February 11, 2006
Ergonomics on Rail - One worker makes a difference   Feature in the Jan/Feb CAW Health & Safety Newsletter
If you travel in the Windsor-Quebec City corridor in a VIA Rail club car you will be provided with a hot meal. If you make your reservation
at the last moment there may not be time to ensure that there is a meal for you when you board.  For this reason meal banks have
been established at key en route points such as Ottawa, Kingston and Quebec City.  Extra meals are stored and transported in a
container referred to as "the meal bank".  These meal banks are delivered to the en route points by the first trains of the day, where
they can be drawn upon during the day by other trains where the first class service requires it.

For twenty-five years the meal bank consisted of a large aluminum box, with a narrow folding metal handle.  The front lids had been
long since been replaced by a plastic cling film.  The box is designed to be moved only a short distance, from fridge to transporter.  
Due to its wide shape, the box was awkward to walk with.  It could not be tilted forwarded because the meals could slide out, or
sideways as this would cause the food to spill.  But it could only be held with one hand.  Employees had to carry this box up and down
stairs, across icy platforms, and under the pressure of causing a train delay and consequent financial penalties to the railway. It will
not surprise you to learn that the prime cause of workplace injuries are related to lifting and moving supplies and baggage.

For years on train employees have complained about the size, shape and weight of the meal bank.  But nobody could do anything
about it. Until one worker decided to take action.
Council 4000 member Karen Sawyer
Train Service Manager for VIA Rail
Sister Karen Sawyer is an on train service manager, working out of the Toronto
terminal, with eight years service for VIA Rail.  She is a member of CAW National
Council 4000, representing railway workers both on and off train.  In an interview
with Ron Moisenko for the Health and Safety Training Fund's new course on
workplace stress, she stated that, "I just kept looking at those boxes, going 'One day
I'm going to be walking down the steps, I'm going to flip.
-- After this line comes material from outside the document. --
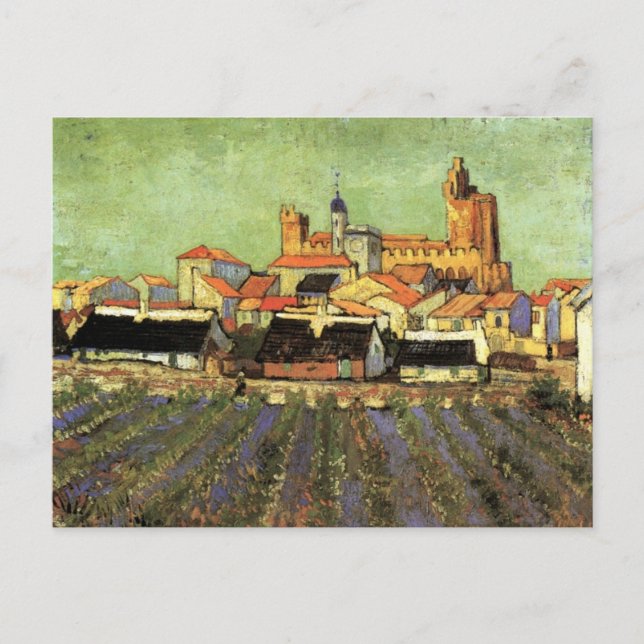 Ansicht von Saintes Maries von Vincent van Gogh Postkarte (Vorderseite)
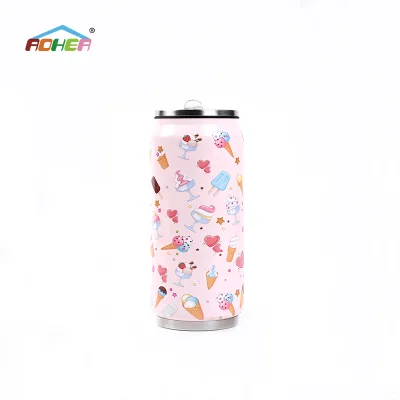 For Wholesale Custom Pattern Portable Eco-Friendly Kids 304 Stainless Steel Coffee Travel Mug Tumbler with for Handgrip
I'm going to break my
back'."  She explained further, "I'm in a physical job, so I have to constantly be
thinking of how I lift baggage properly, how I'm walking on the train, how I'm lifting
the door platform up."

Karen had brought up her concern at a staff meeting in January, 2005.

When no change ensued after several months,
she continued to document the hazardous
condition in her trip reports, stating her fear of
long term side effects, and suggesting that she
might be obliged to make a work refusal if there
was no change.  Even though there is not yet an
ergonomics regulation in the federal jurisdiction,
Karen sought advice on how to make change in
her workplace.
Old and new meal bank boxes
VIA Rail Club Car
CAW Council 4000 National Health & Safety
Representative, Ken Cameron

After obtaining advice from her health and safety representative, Ken Cameron, she
decided to lodge a complaint under the Canada Labour Code, section 127.1.  Using
the form that had been developed jointly by the union and the company, Karen
reported that, "Meal bank boxes too large, not able to safely carry them.  Causes
strain in shoulder and could easily fall in winter on steps getting them off the train."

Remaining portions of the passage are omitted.